Why use keyword versus Vector Search?
and an update on Postgres libraries, incl. vectorchord-bm25
A few things I think are under appreciated:
Using bm25 (keyword) type search instead of (or combined with) vector search. I see a lot of demos using only embeddings, but the best commercial implementations will nearly always use hybrid.
Pagination. It’s common to use top-k results, but adding the ability to paginate allows for a more exhaustive search than just re-searching with a new query.
Strengths of bm25 for new or unfamiliar terms. Embeddings don’t generalise as well.
Strengths of bm25 for holistic document comprehension/search.
I explain in detail in this video.
Enjoyed the video or have Qs? Drop a comment below or reply to this email with a 🤙.
Cheers, Ronan
🛠 Explore Fine-tuning, Inference, Vision, Audio, and Evaluation Tools
💡 Consulting (Technical Assistance OR Market Insights)
Vector vs Keyword Search
And their pros, cons and combos.
How Vector Search Works
Vector search represents documents and queries as high-dimensional arrows (vectors) that capture semantic meaning. The process involves:
Converting text into vectors using embedding models
Comparing query vectors to document vectors using similarity metrics (cosine similarity or dot product)

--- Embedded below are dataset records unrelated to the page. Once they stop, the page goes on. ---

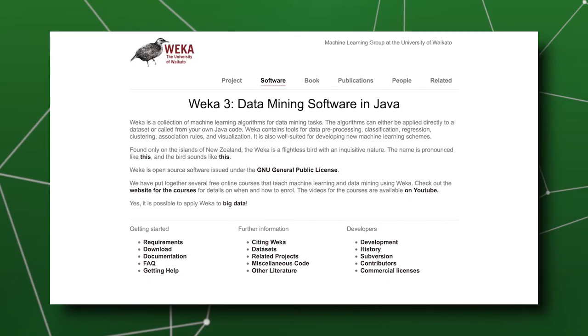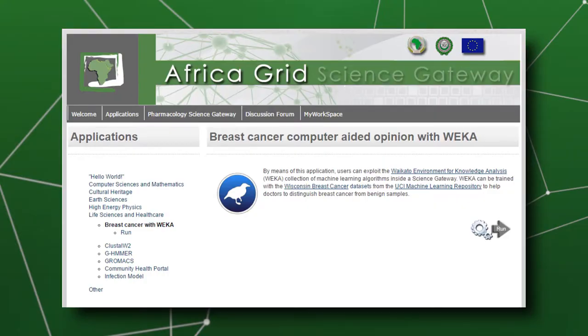The data analytics use case was implemented by porting the Weka application. Weka is software developed using the Java programming language, and it has a collection of data mining and machine learning algorithms. This application was ported to be accessed through the science gateway developed through the SI Gaia project.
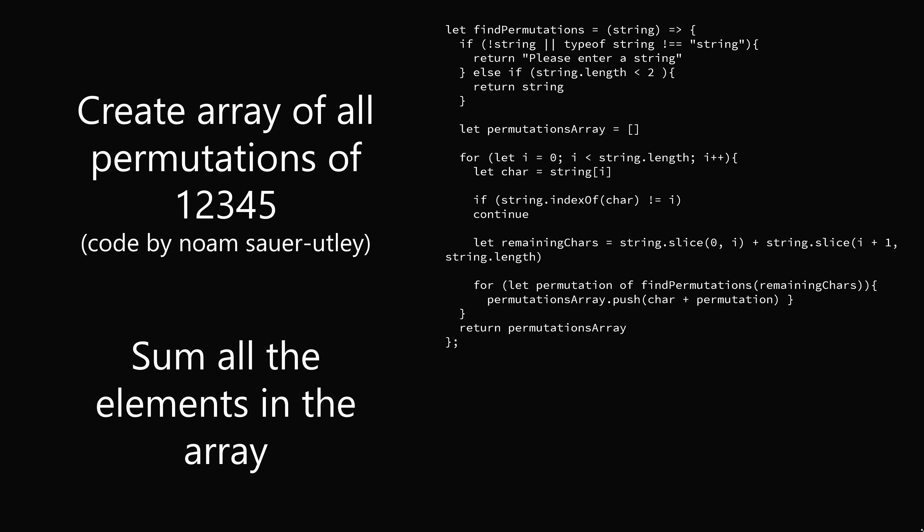Then we will sum all the elements in the array. So here's code that will do that. We'll loop through the array, sum it up.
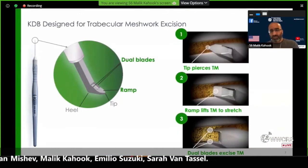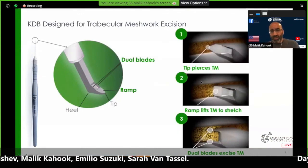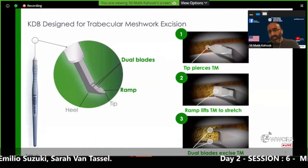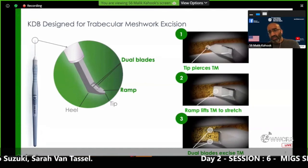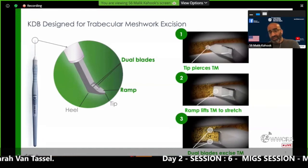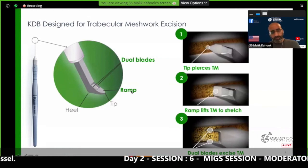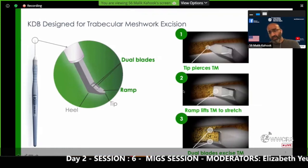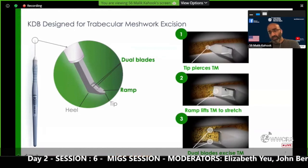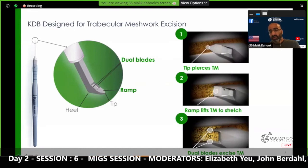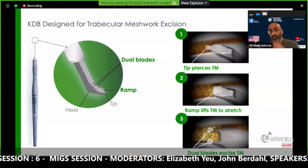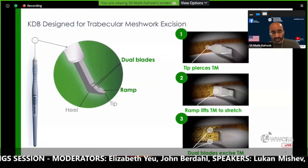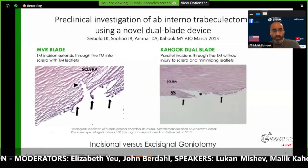In basic terms, in picture one the tip of the device goes into the trabecular meshwork, and then the key to the entire procedure is this ramp that elevates the trabecular meshwork up the ramp and towards these two blades. The two blades then create parallel incisions which allows you to excise a strip of trabecular meshwork.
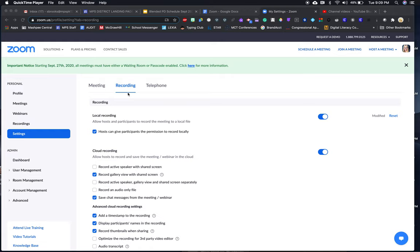Let me zip through some of the ones under the Recording tab. Local recording allows hosts and participants to record the meeting in a local file. By checking this, you're saying that hosts give participants the permission to record locally.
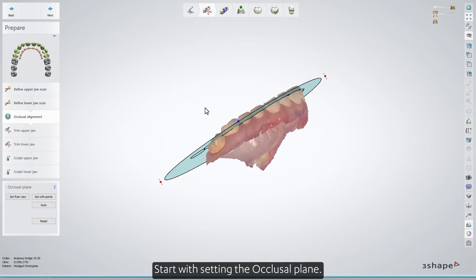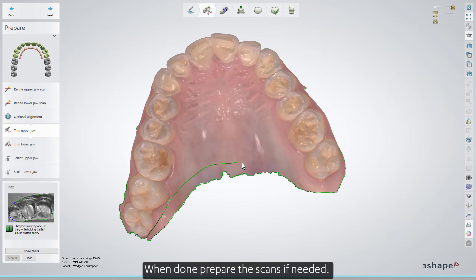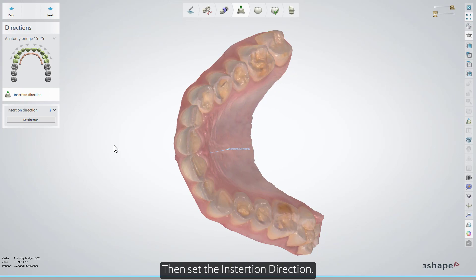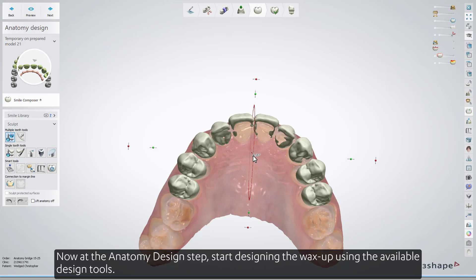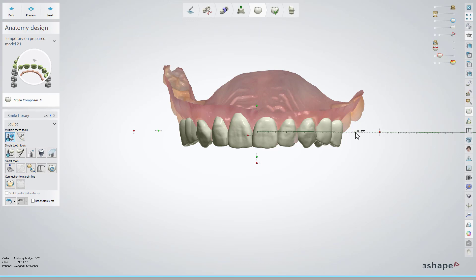Start with setting the occlusal plane. When done, prepare the scans if needed. Then set the insertion direction. Now, at the anatomy design step, start designing the wax up using the available design tools.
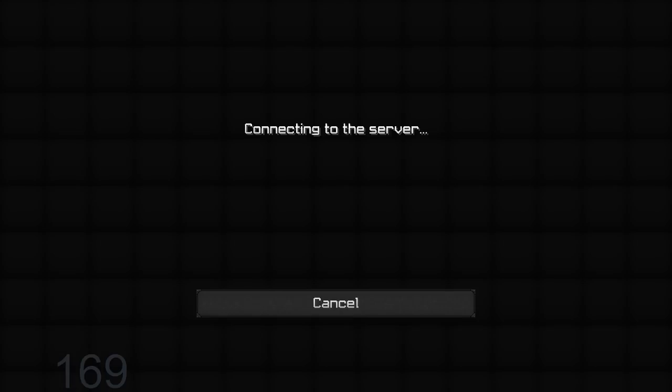Alright. Hopefully now it's okay. Okay. Somebody already joined. Wow.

Finding documents whose vectors point in similar directions to the query vector
Key limitations:
Maximum input length constrained by embedding model (typically 8,000 words)
Performance depends on embedding model's training data
May struggle with new or rare terms not seen during training
How Keyword Search (BM25) Works
BM25 is an advanced keyword matching algorithm that:
Tokenizes text into subwords
Applies stemming to normalize word variations
Counts term frequencies in documents
Downweights common terms across the corpus
Prioritizes rare query terms that appear in documents
Advantages:
Works with documents of any length
Handles new terminology effectively
More predictable matching behavior
Fast and memory-efficient
Language Support Considerations
Vector search can work across languages since semantically similar concepts in different languages tend to have similar vector representations. However, this can lead to mixed-language results that may not be desirable.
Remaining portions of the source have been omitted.